A user profile service stores and serves structured identity data — display name, avatar, bio, contact fields — while enforcing field-level privacy and supporting efficient partial updates. Getting the design right matters because profiles are read on nearly every page load and written on every settings change.
Requirements
Functional
- Store structured and semi-structured profile attributes per user.
- Support field-level visibility controls (public, friends, private).
- Allow partial updates via PATCH without overwriting unchanged fields.
- Expose profile read APIs with viewer-aware field filtering.
- Maintain an audit log of profile changes.
Non-Functional
- Read latency under 20 ms at p99 for cached profiles.
- Write consistency within 500 ms across regions.
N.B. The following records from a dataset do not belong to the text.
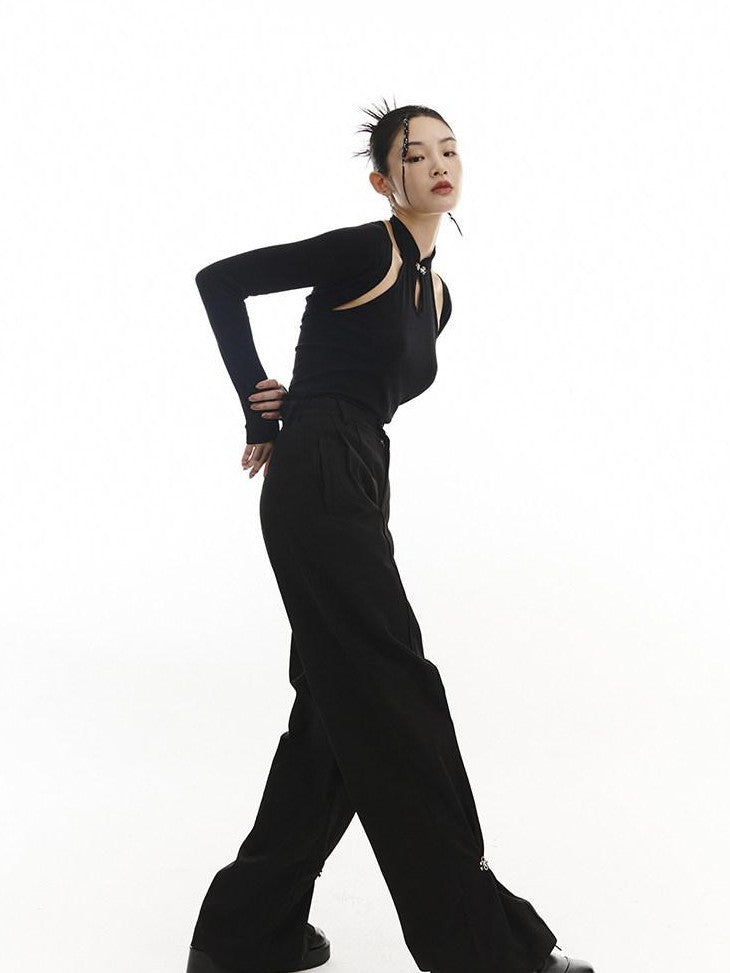 SENSELF Black New Chinese Style Shawl Two Piece Women's Halter Tops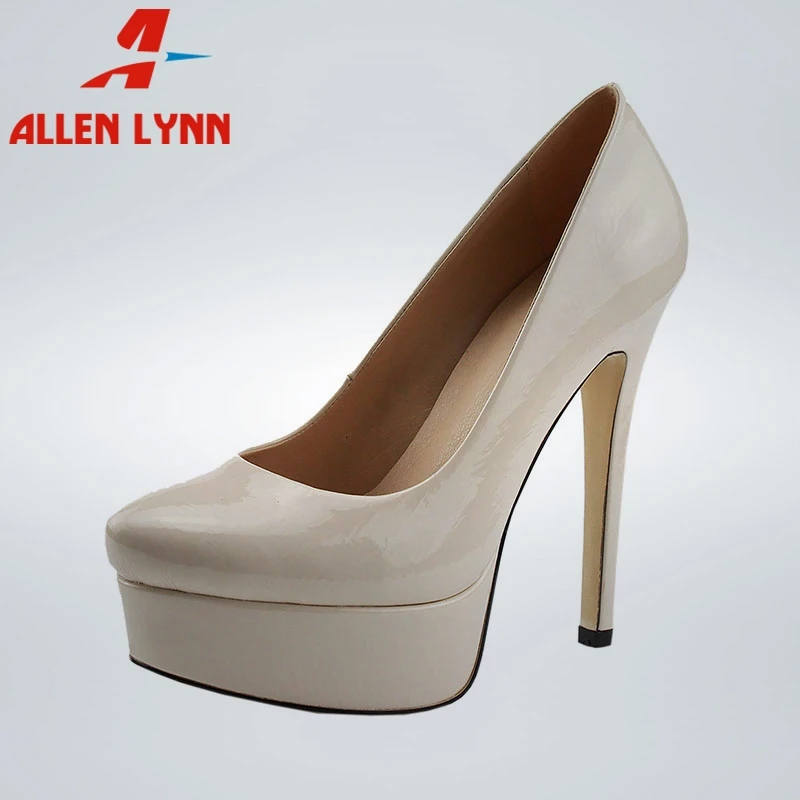 

ALLENLYNN New Fashion Patent Pu Leather Ladies High Heel Platform Shoes Woman Casual Party Office Sexy Spring Autumn Pumps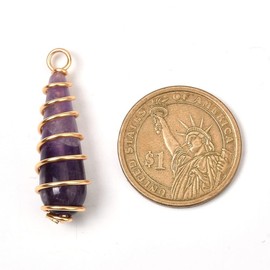 KitBeads 15pcs 18k Gold Plated Crystal Waterdrop Charms Wire Wrapped Charms Healing Stone Teardrop Charms for Jewelry Making Bulk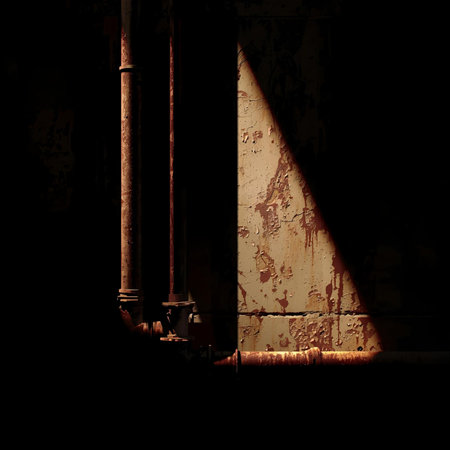 The shadow of the pipe on the wall in the dark room.の素材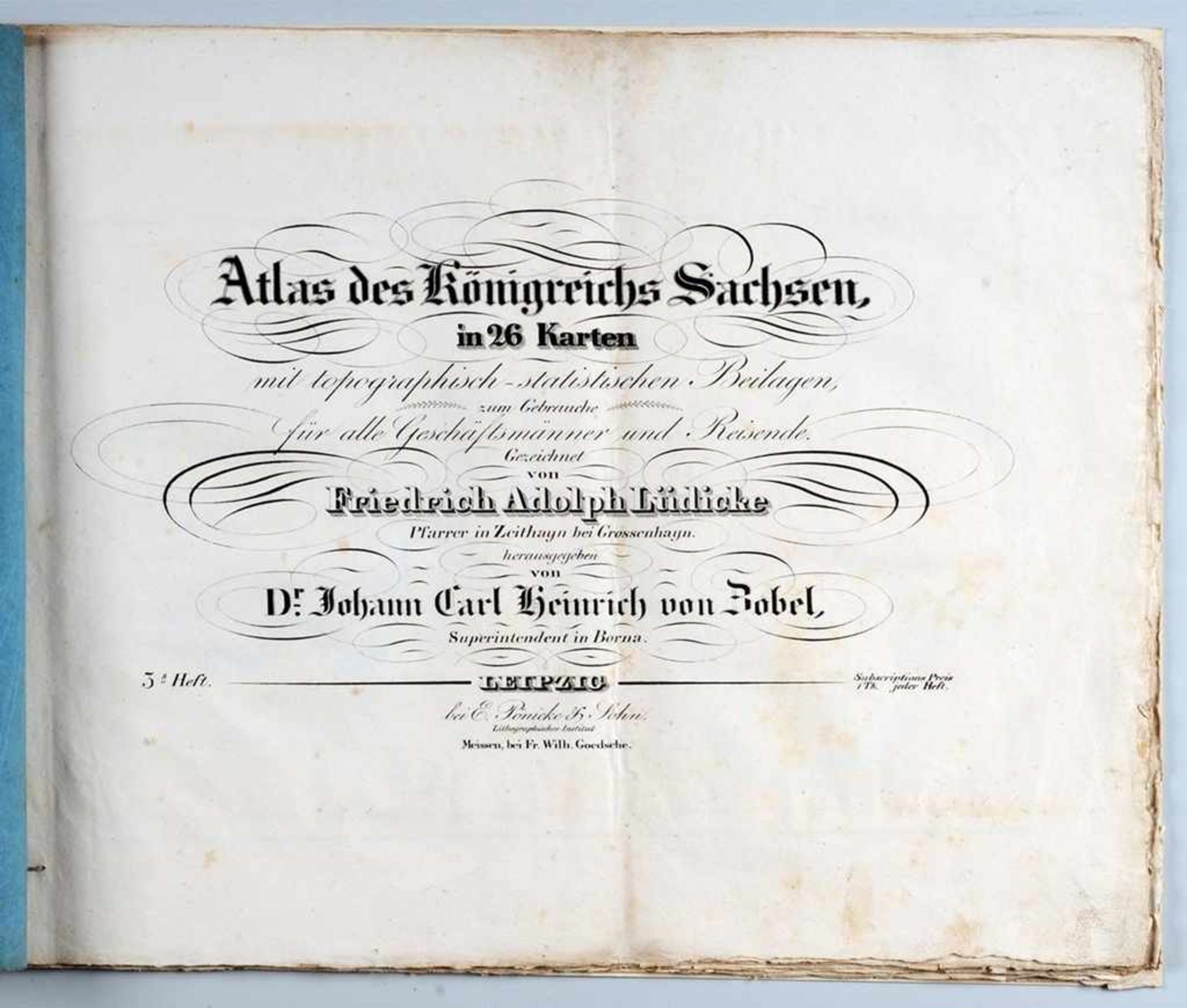 "Atlas des Königreichs Sachsen in 26 Karten.." "..mit topographisch-statistischen Beilagen zum - Bild 2 aus 3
- Support 500 million user profiles with horizontal scaling.
Data Model
The core table holds fixed high-cardinality fields alongside a JSONB column for extensible attributes.
profiles(
user_id BIGINT PRIMARY KEY,
display_name VARCHAR(100),
avatar_url TEXT,
bio TEXT,
created_at TIMESTAMPTZ,
updated_at TIMESTAMPTZ,
attributes JSONB -- arbitrary key/value pairs
)
profile_privacy(
user_id BIGINT,
field_name VARCHAR(100),
visibility ENUM(public, connections, private),
PRIMARY KEY (user_id, field_name)
)
profile_audit(
id BIGSERIAL PRIMARY KEY,
user_id BIGINT,
changed_by BIGINT,
field_name VARCHAR(100),
old_value TEXT,
new_value TEXT,
changed_at TIMESTAMPTZ
)
Sharding by user_id distributes load evenly. A secondary index on display_name supports search. JSONB GIN indexes accelerate attribute queries.
Core Algorithms
Viewer-Aware Field Filtering
On every profile read, the service fetches the full profile then applies a privacy mask. The algorithm computes the viewer relationship (self, connection, public) and removes fields whose visibility exceeds that level. The privacy rules are cached in a small in-process LRU keyed by (owner_id, viewer_id) relationship type to avoid repeated DB lookups on hot profiles.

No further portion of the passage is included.